Dismiss Notice
Join Physics Forums Today!
The friendliest, high quality science and math community on the planet! Everyone who loves science is here!

Density and distribution

  1. Jun 17, 2010 #1
    I'm trying to learn how the names density and distribution, and related terms, are used in statistics and probability theory. Here are four concepts which I've labelled by pairs:

    [tex](0, 0) = f:\mathbb{R} \to [0,1] \; : \; f(x)=P(X=x)=P(\{s \in S : X(s)=x\})[/tex]

    where s is an element of a sample space, S.

    [tex](0, 1) = F(x)=P(X \leq x)=\sum_{t=-\infty}^{x}f(t)[/tex]

    [tex](1, 0) = g(x) : [/tex]

    [tex](i) \, g(x) \geq 0;[/tex]

    [tex](ii) \, \int_{-\infty}^{\infty}g(x) \, dx = 1;[/tex]

    [tex](iii) \, \int_{a}^{b} g(x) \, dx = P(a < X < b)[/tex]

    where a and b are any two values of X such that a < b.

    [tex](1, 1) = G(x)=P(X\leq x) = \int_{-\infty}^{x}g(t) \, dt[/tex]

    Hoel, in Introduction to Mathematical Statistics, calls concepts (n, 0) probability densities. He calls concepts (n, 1) probability distributions. Wolfram Mathworld gives the same definitions, but adds that some people use the term "cumulative distribution function", CDF, in place of probability distribution. Wikipedia calls (0, 0) a probability mass function (only discrete), (1, 0) a probability density function (only continuous), and (n, 1) cumulative distribution functions, discrete and continuous.

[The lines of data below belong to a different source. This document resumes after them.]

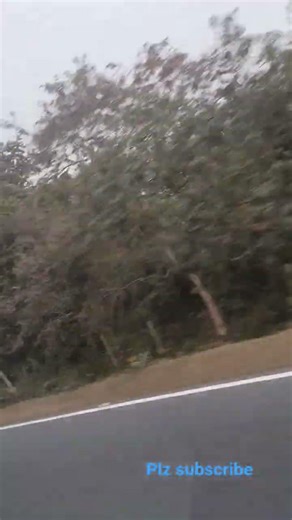 enjoy the party dear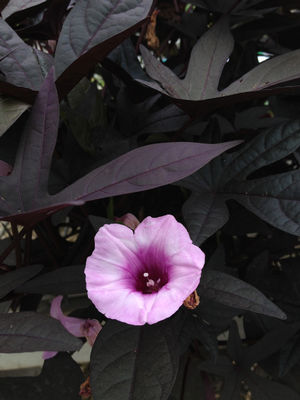 Ipomoea batatas (Sweet Potato, Blackie)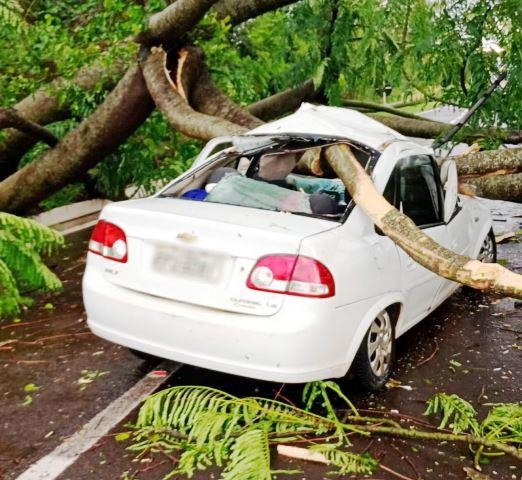 Fotos: Reprodução/GoioNews
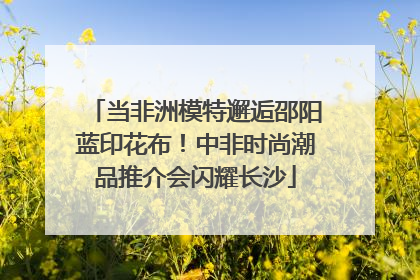 当非洲模特邂逅邵阳蓝印花布！中非时尚潮品推介会闪耀长沙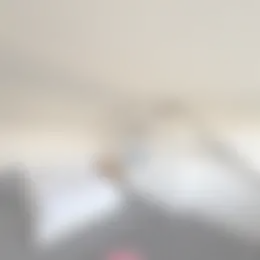 Kamer Foto #0 te huur bij Huurstunt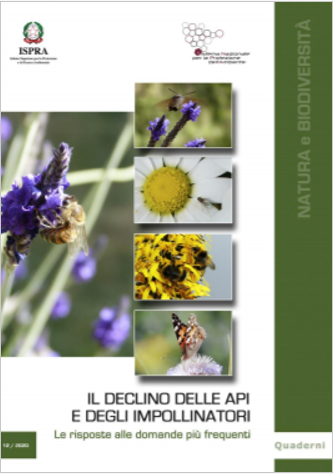 Il declino delle api e impollinatori  Riposte alle domande pi  frequenti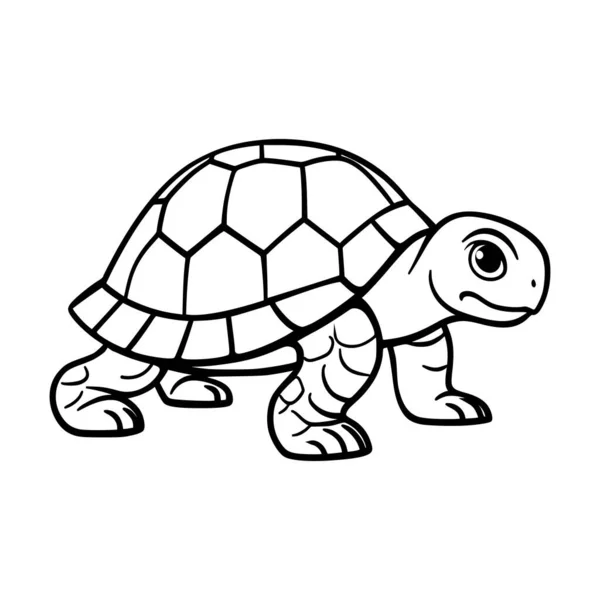 Turtle Walking Amphibian Animal Drawing Logo Coloring Pages — Stock Vector
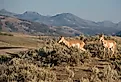 Pronghorn in Lamar Valley, Yellowstone.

    However, Mathworld seems to use the term distribution in a different sense with reference to, for example, the binomial and normal "distributions". The formula they define the binomial distribution by here [ http://mathworld.wolfram.com/BinomialDistribution.html ] is called a "probability density function" by Wolfram Alpha and a "probability mass function" by Wikipedia. Hoel also seems to neglect his earlier definitions and use the terms distribution and density interchangeably with respect to the binomial and normal distribution (or density).

    I get the impression that for everyone in the context of the binomial and normal distributions, and for Wikipedia in general, "(probability) distribution" may refer to something broader than (Inclusive of? Related to?) Hoel's densities and distributions, so that the bell curve is only the graph of the probability density function associated with the normal distribution, and neither this density nor the corresponding cumulative distribution function are to be identified as the normal distribution itself. Is that right? Could someone explain more exactly what distribution is here?

    I'm afraid I don't understand enough of the supporting terminology to understand Wikipedia's definition of probability distribution [ http://en.wikipedia.org/wiki/Probability_distribution ], but I notice that it avoids identifying it with either probability mass function / probability density, or cumulative distribution function. Instead it just says that probability distributions are "characterized by" these. What exactly is the relationship?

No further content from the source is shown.